Karenanya aneh jika ada mubaligh Muhammadiyah dalam mengutip hadits selalu mengkoreksi kesahihan haditsnya pada Nasiruddin al-Albany
Pada masa Abduh, tradisi Mesir dalam peringatan maulid Nabi terkooptasi oleh penjajahan sehingga dilakukan dengan berjoget-ria di kuburan dan perilaku hedonis lainnya. Perilaku yang tidak mencerminkan semangat keagamaan ini membuat Abduh menyatakan bahwa peringatan maulid Nabi adalah pasar kefasikan.
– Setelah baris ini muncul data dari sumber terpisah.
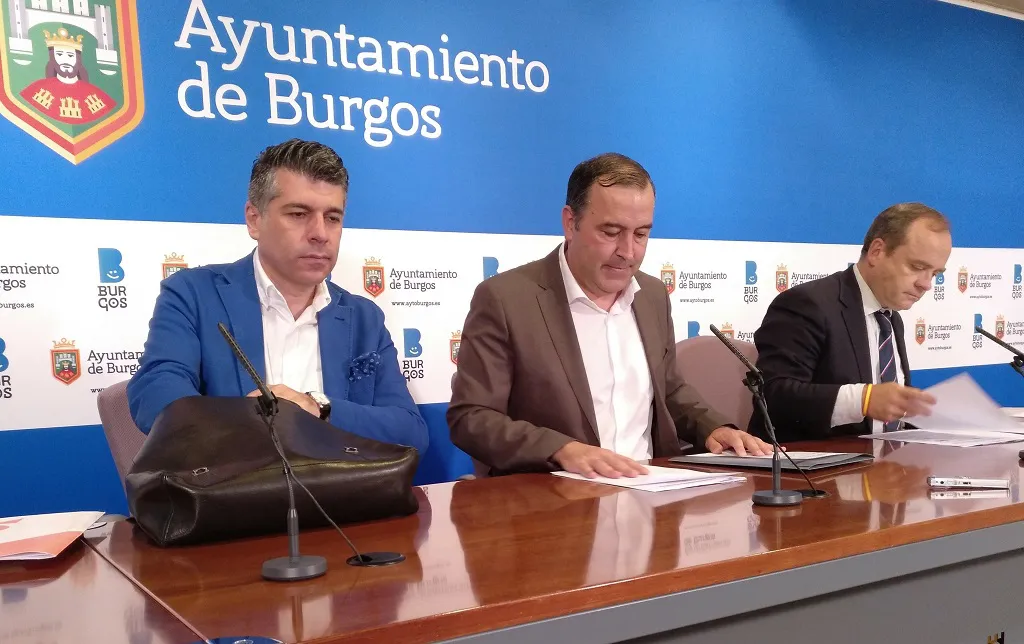 PP, Cs y Vox proponen crear un distrito industrial y ampliar el tejido asociativo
Artinya bukan fatwanya yang kita lihat tetapi alasan di balik lahirnya fatwa tersebut. Coba kita bayangkan Abduh hidup di masa sekarang di mana peringatan maulid nabi diisi dengan pengajian, khataman al-Qur’an, pentas seni anak-anak TPQ, bakti sosial, tentu fatwanya akan lain.
Para tokoh Muslim tersebut diposisikan Muhammadiyah sebagai bagian dari pengayaan perspektif keislaman supaya tidak picik pikir bagai katak dalam tempurung, tetapi juga bukan standar kebenaran.
Karenanya aneh jika ada mubaligh Muhammadiyah dalam mengutip hadits selalu mengkoreksi kesahihan haditsnya pada Nasiruddin al-Albany. Ini tidak sesuai manhaj tarjih atau kriteria ketarjihan. Dalam ilmu hadits biasanya anggapan sahih itu dilakukan oleh para perawi sebagai penguat.
Maka tidak heran sering kita lihat di akhir narasi hadis kalimat wa sahakahu Muslim, wa sahahahu Ahmad, wa dha’afahu Ibnu Hibban, wa hasanahu Malik dan lain sebagainya. Bukan wa sahahahu Albany.
Adalah wajar meletakkan kepakaran seseorang pada bidangnya, misalnya rujukan tokoh tafsir Indonesia pada Buya Hamka dan Qurays Sihab karena beliau berdua adalah seorang mufassir. Tetapi tidak harus setiap mengutip tafsir selalu disandarkan pada beliau.
Nasiruddin al-Albani adalah ahli hadis, tetapi jika kita merasa bahwa derajat hadits yang kita sampaikan belum kuat jika tidak menisbatkan padanya, mengesankan bahwa standar kesahihan hadits berhenti pada Albani, apa lagi selalu dilakukan ketika mengutib hadits.
Selain tuduhan adu domba terhadap tulisan saya, ada juga yang menganggap melemahkan persatuan. Ini juga logika yang ambigu karena kalau logikanya persatuan mestinya tidak perlu membentuk kelompok baru, cukup mengikuti yang sudah ada.
Faktanya mereka yang menamakan diri sebagai kelompok salafi hanya meyakini persatuan akan terjadi ketika bergabung dengan kelompok mereka. Ini merupakan kegagalan berpikir dan menyalahi sunatullah.